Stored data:
· · · · · · ·

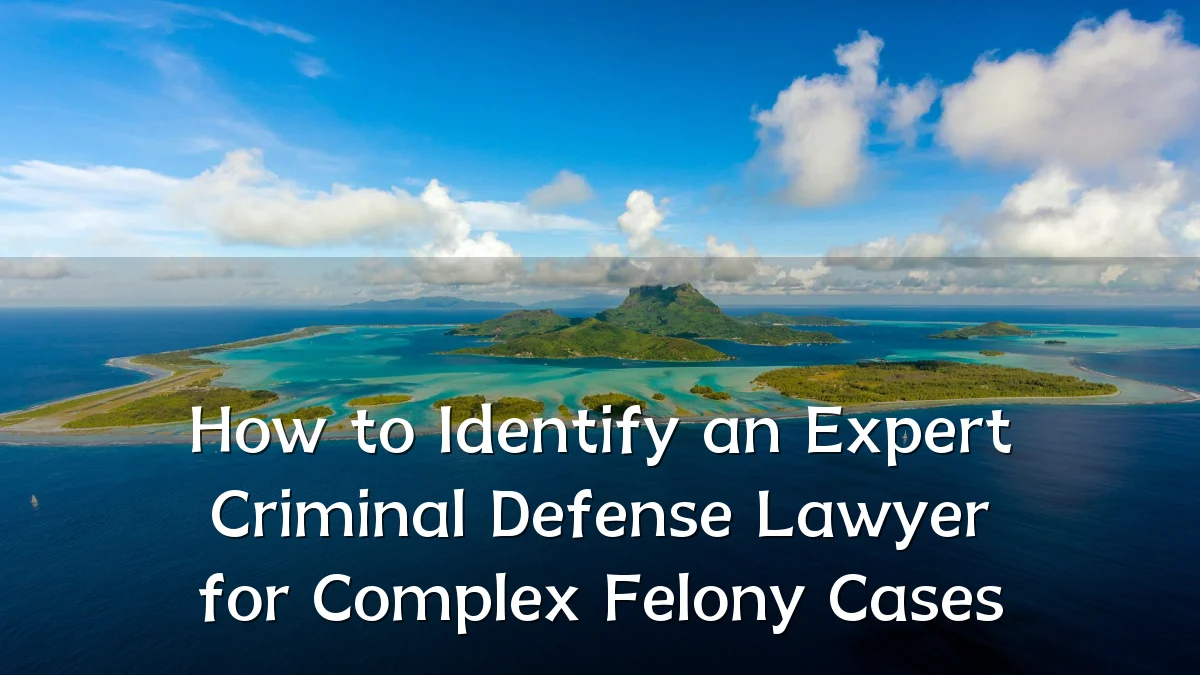 How to Identify an Expert Criminal Defense Lawyer for Complex Felony Cases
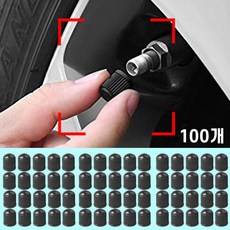 자동차 타이어 공기 밸브 캡 뚜껑 무시캡 밸브캡 100개, 1세트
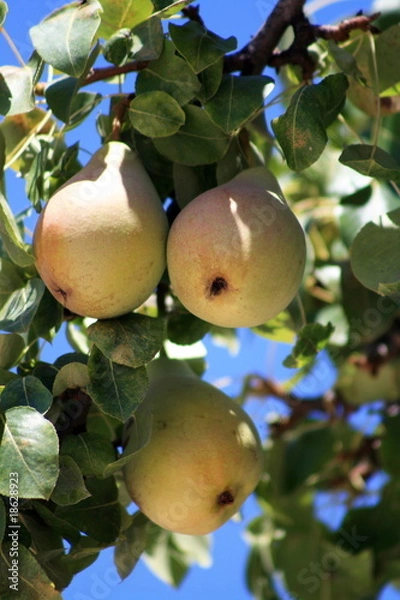 Fototapeta Peras en un peral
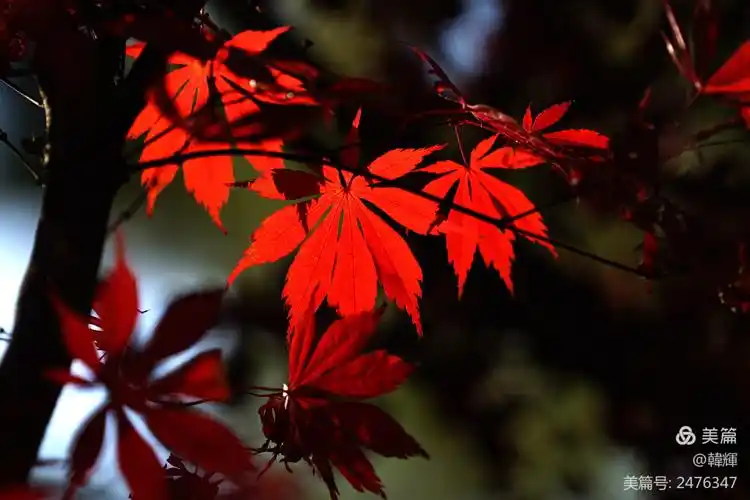 龙潭枫叶红似火
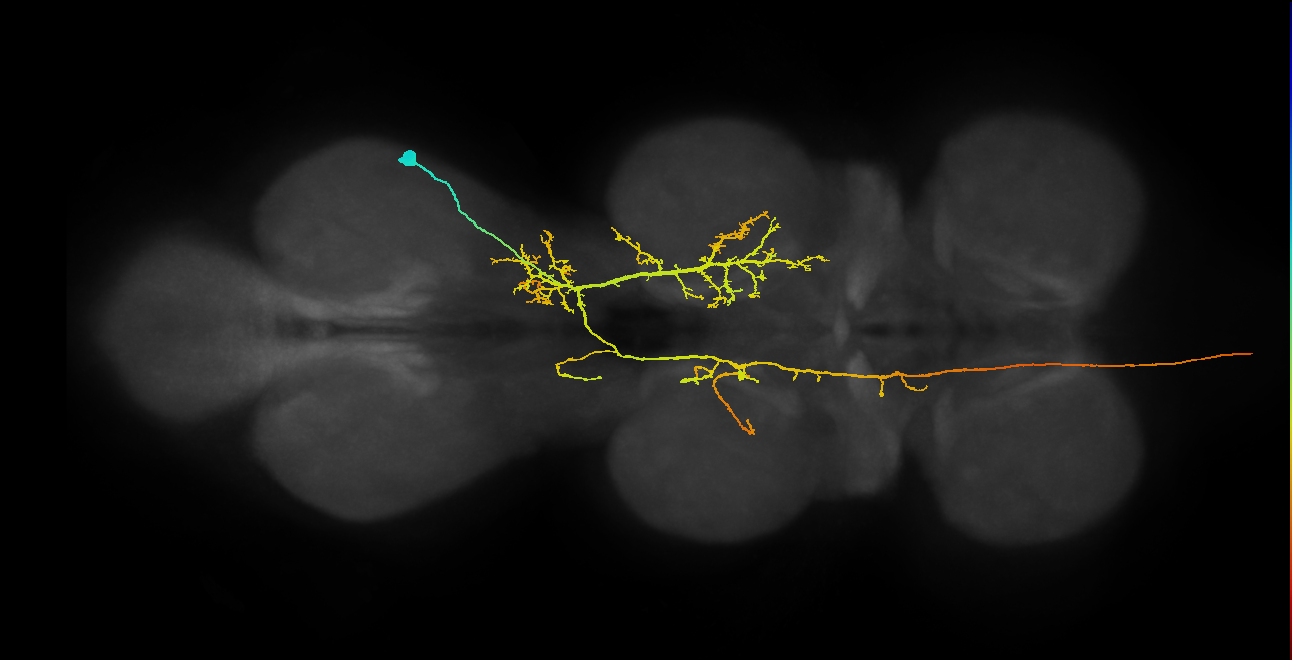 AN08B085_T3_R (MANC:17150)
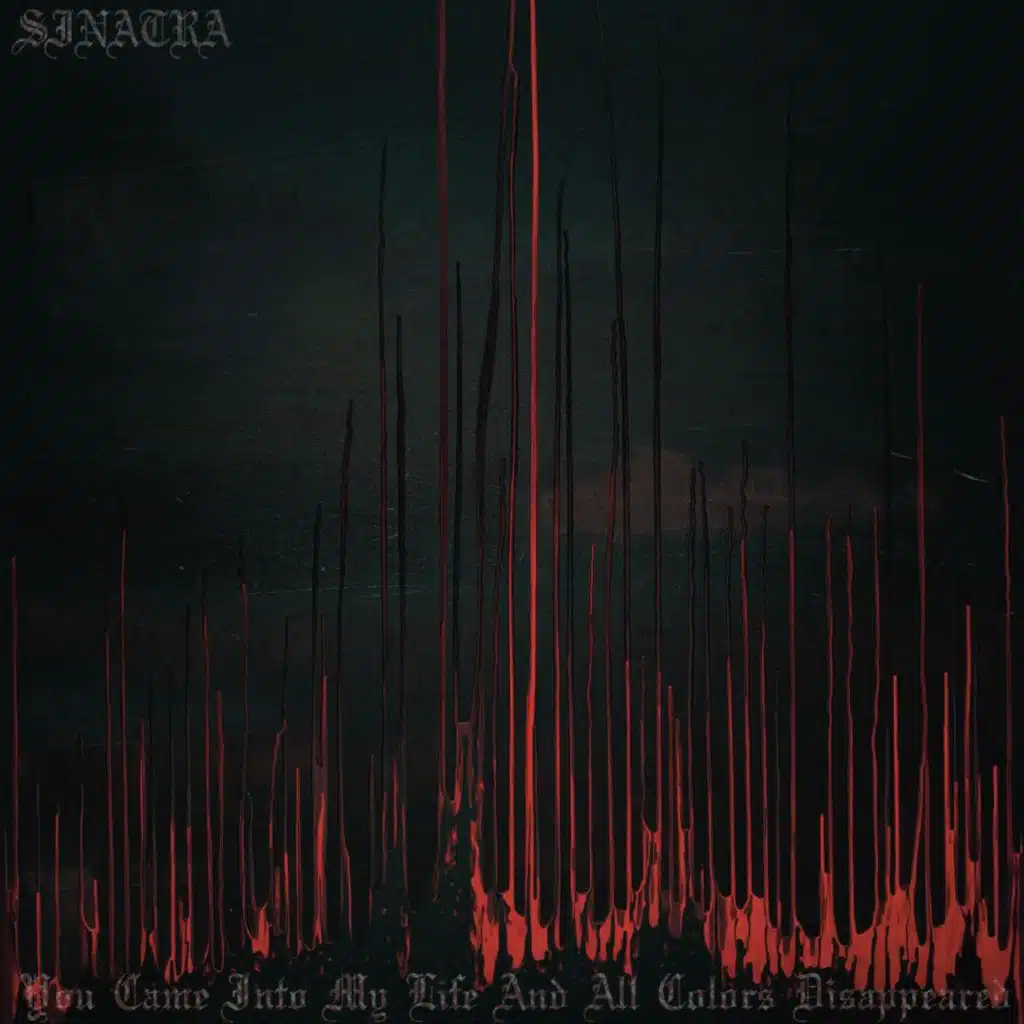 You Came Into My Life And All Colors Disappeared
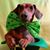 Cynthia A Evans's profile image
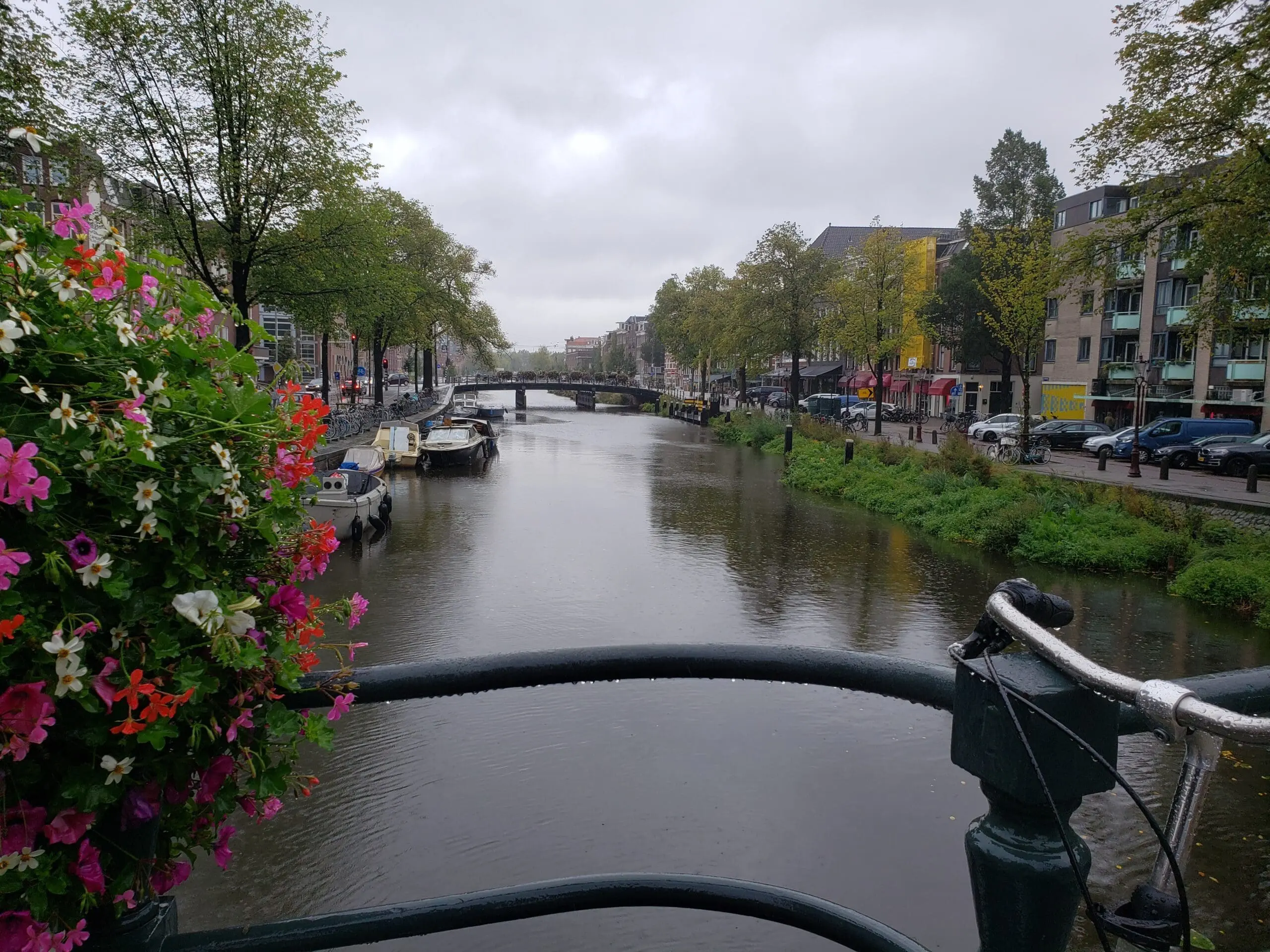 View from a small Amsterdam footbridge with pink and red flowers in the foreground, motorboats along the canal, green trees, and shops lining the right side.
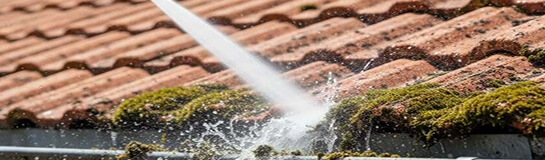 démoussage toiture orleans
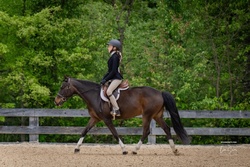 Oh Lo La Welsh Cross Hunter photo 1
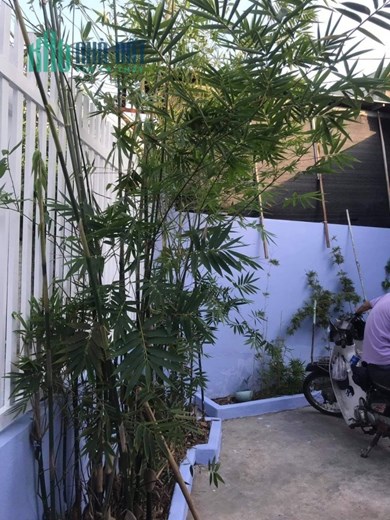 nhà cấp 4, dt rộng, kiệt ô tô, sổ đẹp, gần Mẹ suốt, giá mềm.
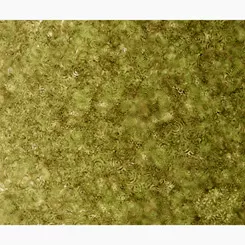 Effervescence Moss GreenQT Fabrics 28159-HS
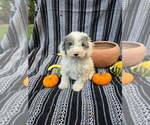 Small #3 Poodle (Miniature)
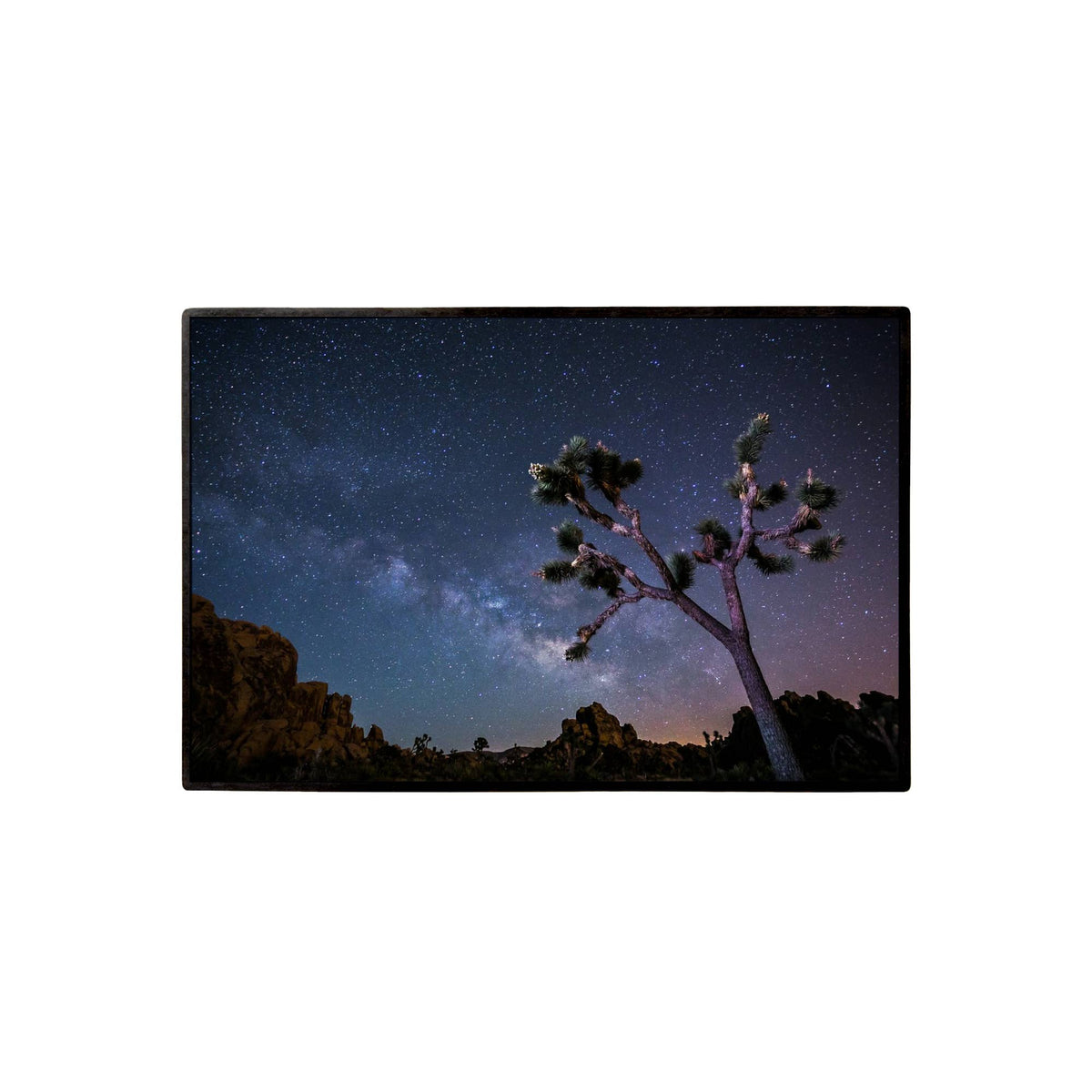 Joshua Tree Milky Way Lapel Pin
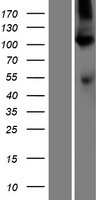 ATP2A1 Human Over-expression Lysate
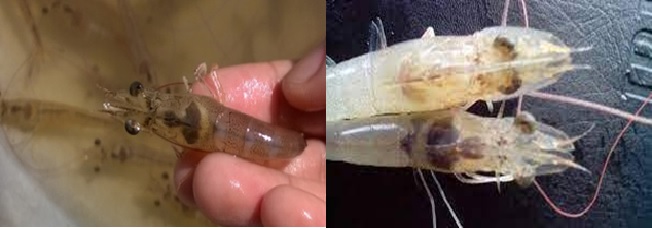 Tôm bị bệnh teo gan trống ruột Tôm bị bệnh teo gan trống ruột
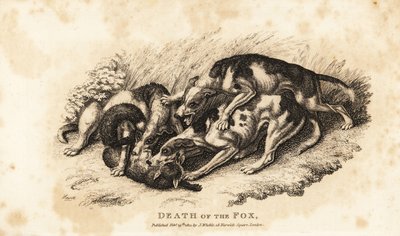 Death of the Fox by Samuel (after) Howitt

· · · · · · ·

→ **WORK ITEM**
The lines wanted run from the one with "You Came Into" through the final line of the data; repeat them word for word and skip every picture.

→ **RESPONSE**
 You Came Into My Life And All Colors Disappeared
 Cynthia A Evans's profile image
 View from a small Amsterdam footbridge with pink and red flowers in the foreground, motorboats along the canal, green trees, and shops lining the right side.
 démoussage toiture orleans
 Oh Lo La Welsh Cross Hunter photo 1
 nhà cấp 4, dt rộng, kiệt ô tô, sổ đẹp, gần Mẹ suốt, giá mềm.
 Effervescence Moss GreenQT Fabrics 28159-HS
 Small #3 Poodle (Miniature)
 Joshua Tree Milky Way Lapel Pin
 ATP2A1 Human Over-expression Lysate
 Tôm bị bệnh teo gan trống ruột Tôm bị bệnh teo gan trống ruột
 Death of the Fox by Samuel (after) Howitt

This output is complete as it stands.